Listed entries Start Marker

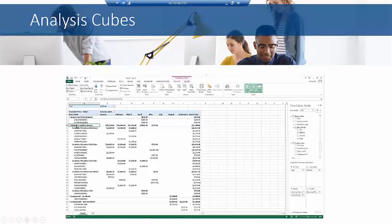And so I can actually drill down and see all the items within the item class and I can see the customers that purchased that. I can slice and dice my data. I can make changes to the year, to the month, to the items, to the customers, all within this spreadsheet based upon a predefined cube.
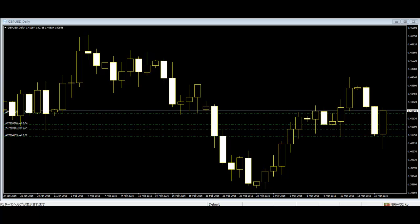Since 2009, the use of the term trapped traders has grown in popularity and it's now a generic term used by price action traders. This term is applied in different markets: stocks, futures, forex, commodities, and more.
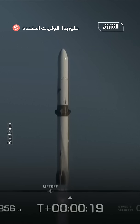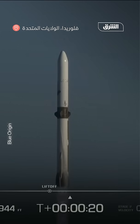New Glenn has cleared the tower. New Glenn has cleared the tower!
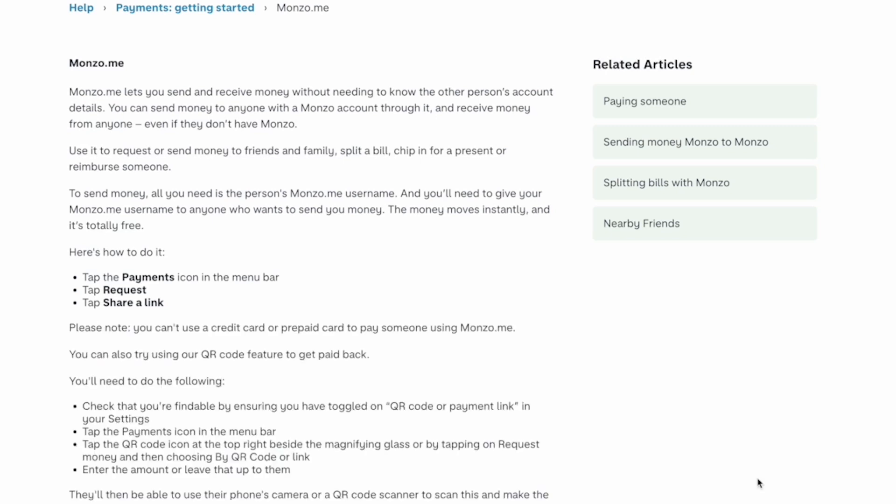Use it to request or send money to friends and family, split a bill, chip in for a present, or reimburse someone. To send money, all you need is the person's monzo.me username, and you'll need to give your monzo.me username to anyone who wants to send you money. The money moves instantly and it's totally free.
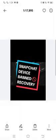Hello everybody, welcome back to my YouTube channel. Today I'm going to show you how to fix a Snapchat device ban. So let's get started with the video without wasting any time.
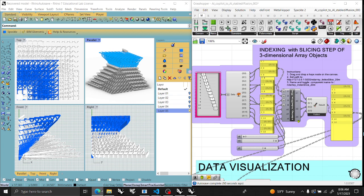Welcome back to Wickerson Studios. I finished the third Grasshopper script for NumPy into Grasshopper, and I have an interesting indexing with slicing steps, which I promised you from the last video. So here it is.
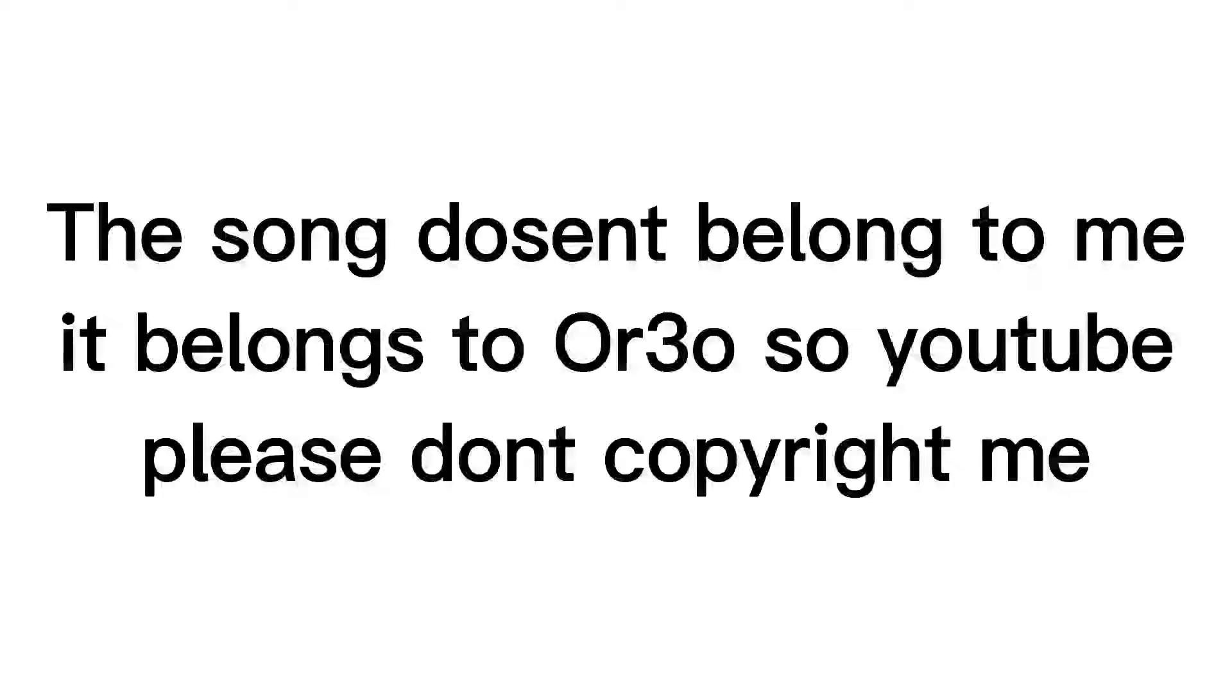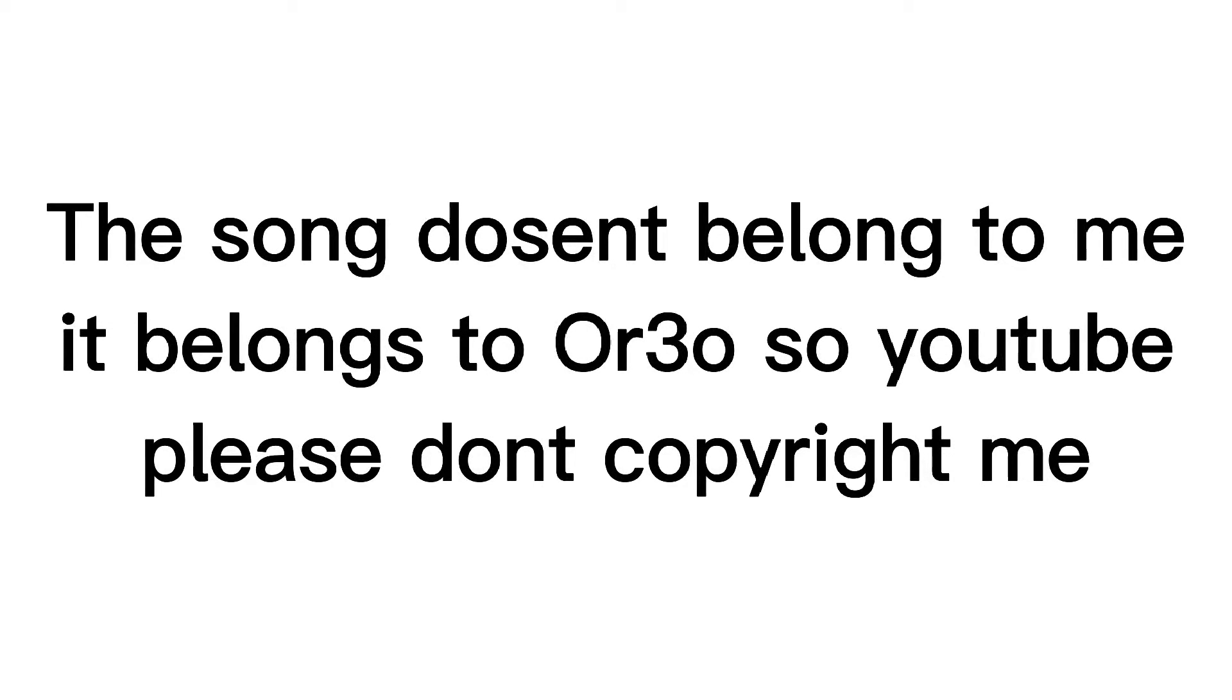Hello, welcome to this video. The song doesn't belong to me, it belongs to Or3o, so YouTube please don't copyright me. That's all, enjoy.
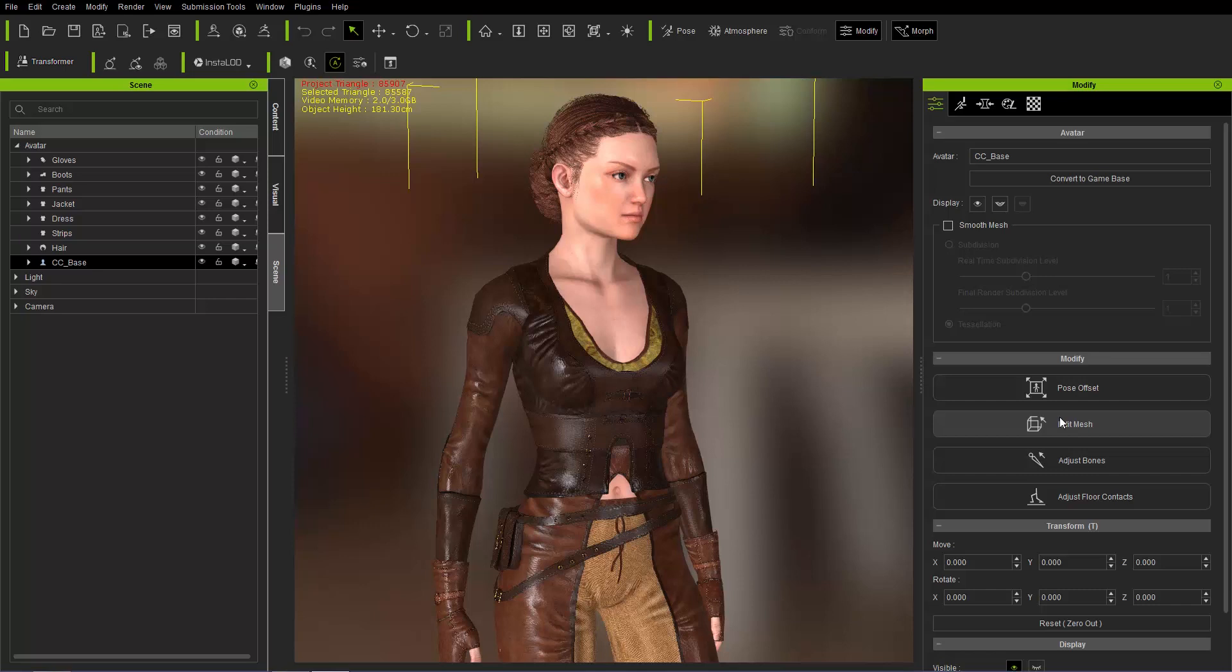In the previous tutorial we talked about how to optimize the wearables of your character, which is everything your character is wearing, such as clothing, accessories, and the hair on your character as well, as well as optimizing individual objects such as individual clothing items and accessories.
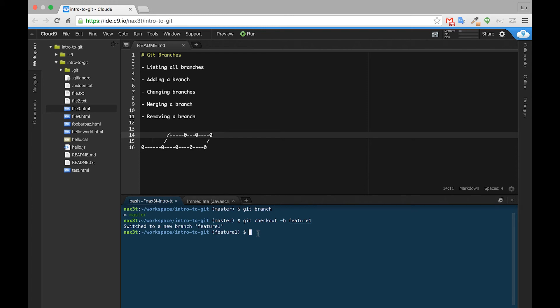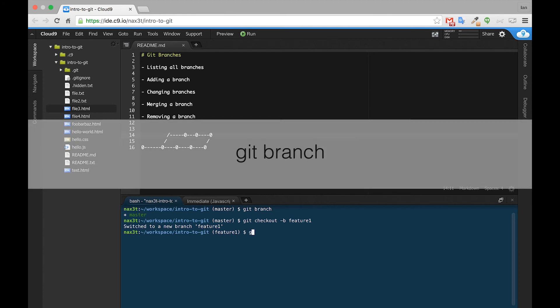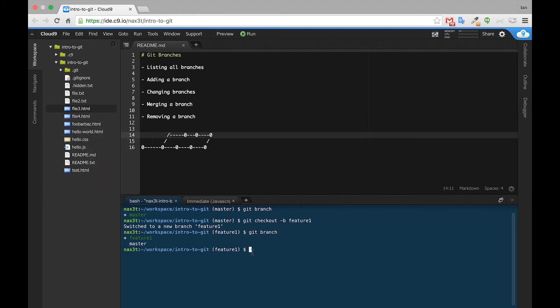let's go ahead and type the command from the previous video, git branch. Now we can see that the branch we're inside of has the asterisk next to its name, and it's in green.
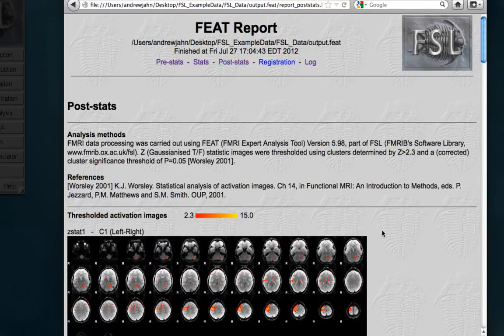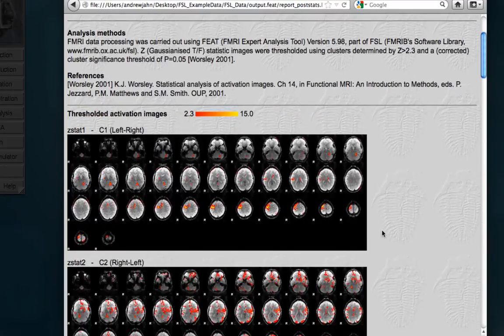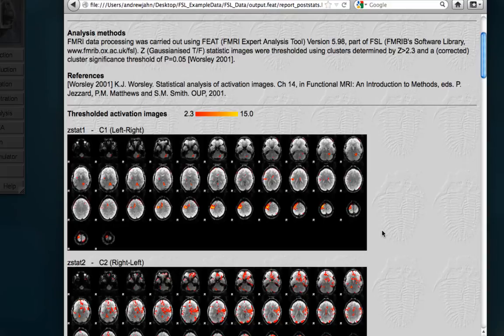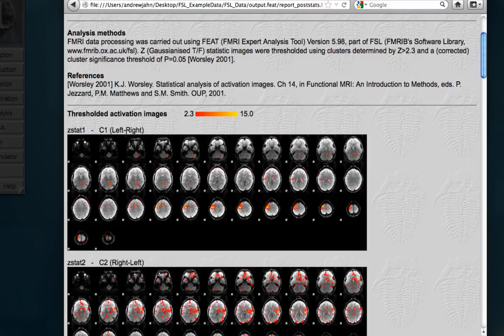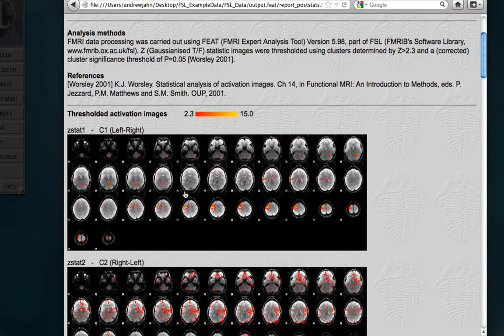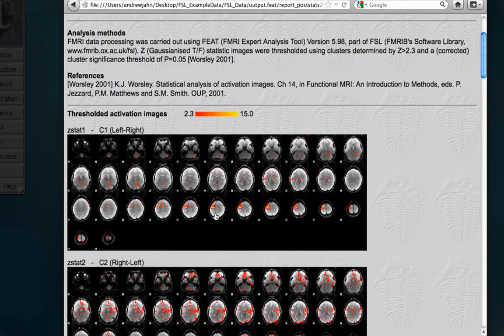Post-stats will show you, rendered on these brain slices, what the different contrasts activation maps look like. So, if you recall before, we said that the threshold we want is only show us voxels that have a Z-score of 2.3 or higher, and that's the lower bound of this heat map here. So, you can see this first one is left minus right, and that contrast produced activation in the right motor cortex, which is what we would expect.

Listed entries End Marker

* [What the task asks]:
Taking each record in turn, retype it exactly and drop any picture.

* [Result of the exercise]:
And so I can actually drill down and see all the items within the item class and I can see the customers that purchased that. I can slice and dice my data. I can make changes to the year, to the month, to the items, to the customers, all within this spreadsheet based upon a predefined cube.
Since 2009, the use of the term trapped traders has grown in popularity and it's now a generic term used by price action traders. This term is applied in different markets: stocks, futures, forex, commodities, and more.
New Glenn has cleared the tower. New Glenn has cleared the tower!
Use it to request or send money to friends and family, split a bill, chip in for a present, or reimburse someone. To send money, all you need is the person's monzo.me username, and you'll need to give your monzo.me username to anyone who wants to send you money. The money moves instantly and it's totally free.
Hello everybody, welcome back to my YouTube channel. Today I'm going to show you how to fix a Snapchat device ban. So let's get started with the video without wasting any time.
Welcome back to Wickerson Studios. I finished the third Grasshopper script for NumPy into Grasshopper, and I have an interesting indexing with slicing steps, which I promised you from the last video. So here it is.
Hello, welcome to this video. The song doesn't belong to me, it belongs to Or3o, so YouTube please don't copyright me. That's all, enjoy.
In the previous tutorial we talked about how to optimize the wearables of your character, which is everything your character is wearing, such as clothing, accessories, and the hair on your character as well, as well as optimizing individual objects such as individual clothing items and accessories.
let's go ahead and type the command from the previous video, git branch. Now we can see that the branch we're inside of has the asterisk next to its name, and it's in green.
Post-stats will show you, rendered on these brain slices, what the different contrasts activation maps look like. So, if you recall before, we said that the threshold we want is only show us voxels that have a Z-score of 2.3 or higher, and that's the lower bound of this heat map here. So, you can see this first one is left minus right, and that contrast produced activation in the right motor cortex, which is what we would expect.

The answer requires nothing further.